# Yacht Ownership.



## 82Venture22 (Dec 8, 2006)

Has anyone ever did sailboat ownership through a chartering company like:

http://nauticblue.com

They maintain that when you purchase a boat it will cover the cost of the mortgage of your boat and some as if it was an actual investment.

Anyone done this ? Is it possible to at least cover the cost of your mortgage through one of these programs. Has anyone ever made money on one of these programs. Or is it just another timeshare program.

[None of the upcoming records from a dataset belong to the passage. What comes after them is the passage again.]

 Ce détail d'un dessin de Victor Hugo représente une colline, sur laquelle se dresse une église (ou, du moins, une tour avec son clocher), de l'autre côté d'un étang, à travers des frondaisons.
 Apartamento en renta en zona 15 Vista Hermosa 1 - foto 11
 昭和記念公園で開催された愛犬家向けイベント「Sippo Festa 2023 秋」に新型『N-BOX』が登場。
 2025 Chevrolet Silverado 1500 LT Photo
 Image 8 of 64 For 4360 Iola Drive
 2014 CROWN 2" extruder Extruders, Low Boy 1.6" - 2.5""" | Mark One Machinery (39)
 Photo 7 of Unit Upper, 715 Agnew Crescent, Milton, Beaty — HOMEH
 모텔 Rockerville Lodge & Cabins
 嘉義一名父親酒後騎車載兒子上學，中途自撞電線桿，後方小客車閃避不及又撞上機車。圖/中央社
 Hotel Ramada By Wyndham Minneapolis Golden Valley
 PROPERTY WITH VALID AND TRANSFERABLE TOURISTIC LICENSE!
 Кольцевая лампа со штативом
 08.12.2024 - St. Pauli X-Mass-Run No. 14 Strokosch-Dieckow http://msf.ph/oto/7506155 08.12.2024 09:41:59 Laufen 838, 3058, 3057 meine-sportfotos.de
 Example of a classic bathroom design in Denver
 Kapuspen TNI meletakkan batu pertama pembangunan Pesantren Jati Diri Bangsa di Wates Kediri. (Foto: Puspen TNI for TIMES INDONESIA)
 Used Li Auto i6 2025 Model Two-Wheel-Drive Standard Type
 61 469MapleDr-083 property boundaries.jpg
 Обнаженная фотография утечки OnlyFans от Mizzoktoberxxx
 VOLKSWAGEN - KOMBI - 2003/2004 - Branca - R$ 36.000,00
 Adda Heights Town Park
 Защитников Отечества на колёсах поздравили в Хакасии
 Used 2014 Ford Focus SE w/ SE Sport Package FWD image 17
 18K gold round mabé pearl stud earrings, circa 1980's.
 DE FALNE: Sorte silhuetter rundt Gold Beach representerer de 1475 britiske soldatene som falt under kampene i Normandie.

Does anyone know of some reputable companies.


----------



## knotaloud (Jul 6, 2007)

There's a broker/charter club near us that advertises this kinda thing; they say if you purchase a new Dufour 34 and put it in the charter pool, they guarantee all of your expensive will be covered for the first 5 years, including your mortgage (up to $500 per month), moorage, maintenance, etc. They even wash and wax it on a regular basis. They only downside I see is usage, but if you are willing to just sail mid week and give them every weekend, then you'll come out ahead. They also sell used boats, like Catalina 25's, that you can purchase and leave in the charter system to help offset costs. Also....if your boat is out for the day, you can use any boat at the dock, big or small, (for about 1/2 off the regular charter rates)


----------



## sailingdog (Mar 19, 2006)

There is one site with a pretty decent running account of owning a boat in charter... You can read about it *here*. However, I don't think that this is the usual case, since many people on the Live-aboard e-mail list recently wrote about this subject and many were very unhappy with the results of chartering their boat. The main complaints were wear and tear on their boat, theft of equipment and the charter fees not covering the mortgage on their boats over the course of the year.


----------



## kd3pc (Oct 19, 2006)

Venture

We did the charter thing with a Beneteau 36CC, beautiful boat and sails well. As for the charter program, there were some major flaws...suffice it to say they may "offset" your mortgage, but they don't do a thing for your insurance (try 3 or 4 times more since you charter), your dockage (about twice the going rate), wear and tear (and there will be plenty of that), or equipment ( I bought 4 complete sets of dock lines the first month, as "they left them somewhere" or "I did not know they stayed with the boat" - and they won't upset a good customer by asking them to pay for them. You will eat a lot of things with the charter and at best you may knock a few percent off the boat payment if you are lucky.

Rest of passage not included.